**YOUR ASSIGNMENT:** Only lines with the string "Geschäft" are wanted. Pull them out of the data.

(INFORMATION SHOWN begins)

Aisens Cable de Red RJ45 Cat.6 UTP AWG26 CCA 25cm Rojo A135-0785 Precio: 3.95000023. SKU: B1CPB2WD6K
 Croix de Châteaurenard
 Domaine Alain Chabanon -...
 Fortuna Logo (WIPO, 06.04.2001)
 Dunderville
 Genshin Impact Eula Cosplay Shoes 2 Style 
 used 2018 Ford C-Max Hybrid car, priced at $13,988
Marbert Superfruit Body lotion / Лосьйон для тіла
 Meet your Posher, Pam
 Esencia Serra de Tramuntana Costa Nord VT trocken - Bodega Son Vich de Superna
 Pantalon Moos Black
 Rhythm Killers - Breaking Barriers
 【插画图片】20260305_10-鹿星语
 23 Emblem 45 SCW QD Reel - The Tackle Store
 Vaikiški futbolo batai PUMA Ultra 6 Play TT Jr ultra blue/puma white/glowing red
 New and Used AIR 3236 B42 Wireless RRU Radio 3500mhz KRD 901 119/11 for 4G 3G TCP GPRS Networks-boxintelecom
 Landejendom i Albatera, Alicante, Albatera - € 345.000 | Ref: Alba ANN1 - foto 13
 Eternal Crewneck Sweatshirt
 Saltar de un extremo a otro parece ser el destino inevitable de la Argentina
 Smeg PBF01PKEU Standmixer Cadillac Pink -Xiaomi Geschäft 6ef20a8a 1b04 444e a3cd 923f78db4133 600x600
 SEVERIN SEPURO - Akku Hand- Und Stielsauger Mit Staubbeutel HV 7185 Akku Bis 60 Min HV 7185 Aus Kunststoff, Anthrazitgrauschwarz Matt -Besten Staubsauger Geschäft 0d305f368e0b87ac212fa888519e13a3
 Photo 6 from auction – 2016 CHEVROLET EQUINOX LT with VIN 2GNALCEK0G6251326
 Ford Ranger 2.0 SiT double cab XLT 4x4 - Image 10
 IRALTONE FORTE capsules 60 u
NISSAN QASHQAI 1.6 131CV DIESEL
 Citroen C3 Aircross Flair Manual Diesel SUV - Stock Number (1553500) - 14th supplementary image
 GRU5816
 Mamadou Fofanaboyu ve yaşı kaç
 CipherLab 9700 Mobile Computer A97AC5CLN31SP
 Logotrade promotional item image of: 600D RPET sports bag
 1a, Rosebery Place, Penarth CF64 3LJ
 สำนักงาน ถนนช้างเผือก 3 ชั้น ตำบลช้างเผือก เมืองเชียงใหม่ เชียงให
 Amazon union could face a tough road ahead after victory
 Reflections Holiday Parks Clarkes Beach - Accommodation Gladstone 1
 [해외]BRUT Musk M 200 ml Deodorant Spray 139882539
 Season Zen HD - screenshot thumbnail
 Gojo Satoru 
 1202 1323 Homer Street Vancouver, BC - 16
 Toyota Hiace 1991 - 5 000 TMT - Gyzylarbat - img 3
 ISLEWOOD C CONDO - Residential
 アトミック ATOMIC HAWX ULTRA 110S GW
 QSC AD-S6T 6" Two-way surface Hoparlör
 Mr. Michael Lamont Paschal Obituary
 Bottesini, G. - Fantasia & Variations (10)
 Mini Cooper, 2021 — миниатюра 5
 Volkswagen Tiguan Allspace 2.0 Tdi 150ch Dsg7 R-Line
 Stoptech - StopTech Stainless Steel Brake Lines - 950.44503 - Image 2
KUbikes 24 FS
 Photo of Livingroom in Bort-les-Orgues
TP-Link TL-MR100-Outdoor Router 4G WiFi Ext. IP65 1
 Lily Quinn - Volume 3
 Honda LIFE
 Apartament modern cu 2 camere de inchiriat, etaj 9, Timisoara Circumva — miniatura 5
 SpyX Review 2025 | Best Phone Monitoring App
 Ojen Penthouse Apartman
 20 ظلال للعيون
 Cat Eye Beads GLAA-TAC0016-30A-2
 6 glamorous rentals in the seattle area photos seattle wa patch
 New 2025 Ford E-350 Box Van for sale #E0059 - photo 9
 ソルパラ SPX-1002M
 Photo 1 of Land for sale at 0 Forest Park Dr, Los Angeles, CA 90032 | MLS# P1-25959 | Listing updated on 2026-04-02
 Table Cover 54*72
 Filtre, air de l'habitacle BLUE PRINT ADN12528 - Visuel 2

(INFORMATION SHOWN ends)

**ANSWER BOX:**
 Smeg PBF01PKEU Standmixer Cadillac Pink -Xiaomi Geschäft 6ef20a8a 1b04 444e a3cd 923f78db4133 600x600
 SEVERIN SEPURO - Akku Hand- Und Stielsauger Mit Staubbeutel HV 7185 Akku Bis 60 Min HV 7185 Aus Kunststoff, Anthrazitgrauschwarz Matt -Besten Staubsauger Geschäft 0d305f368e0b87ac212fa888519e13a3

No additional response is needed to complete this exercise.